• _TASK_
Set down exactly the lines from the one containing "Page 14 of Classmate" through the end of the records below, both included, and nothing else.

[RECORDS TO PROCESS]

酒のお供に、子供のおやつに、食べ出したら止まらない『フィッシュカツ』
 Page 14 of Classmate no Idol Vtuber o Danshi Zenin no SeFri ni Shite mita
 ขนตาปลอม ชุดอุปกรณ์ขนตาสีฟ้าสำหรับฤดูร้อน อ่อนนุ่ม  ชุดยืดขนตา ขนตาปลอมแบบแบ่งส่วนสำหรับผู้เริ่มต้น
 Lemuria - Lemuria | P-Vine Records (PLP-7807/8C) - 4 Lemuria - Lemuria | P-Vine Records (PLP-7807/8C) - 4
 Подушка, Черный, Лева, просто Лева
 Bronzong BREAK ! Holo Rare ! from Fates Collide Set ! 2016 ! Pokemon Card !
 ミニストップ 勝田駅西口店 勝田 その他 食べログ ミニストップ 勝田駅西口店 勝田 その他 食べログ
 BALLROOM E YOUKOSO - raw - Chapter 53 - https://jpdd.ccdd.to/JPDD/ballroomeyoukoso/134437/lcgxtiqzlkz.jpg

[/RECORDS TO PROCESS]

• _WRITTEN SOLUTION_
 Page 14 of Classmate no Idol Vtuber o Danshi Zenin no SeFri ni Shite mita
 ขนตาปลอม ชุดอุปกรณ์ขนตาสีฟ้าสำหรับฤดูร้อน อ่อนนุ่ม  ชุดยืดขนตา ขนตาปลอมแบบแบ่งส่วนสำหรับผู้เริ่มต้น
 Lemuria - Lemuria | P-Vine Records (PLP-7807/8C) - 4 Lemuria - Lemuria | P-Vine Records (PLP-7807/8C) - 4
 Подушка, Черный, Лева, просто Лева
 Bronzong BREAK ! Holo Rare ! from Fates Collide Set ! 2016 ! Pokemon Card !
 ミニストップ 勝田駅西口店 勝田 その他 食べログ ミニストップ 勝田駅西口店 勝田 その他 食べログ
 BALLROOM E YOUKOSO - raw - Chapter 53 - https://jpdd.ccdd.to/JPDD/ballroomeyoukoso/134437/lcgxtiqzlkz.jpg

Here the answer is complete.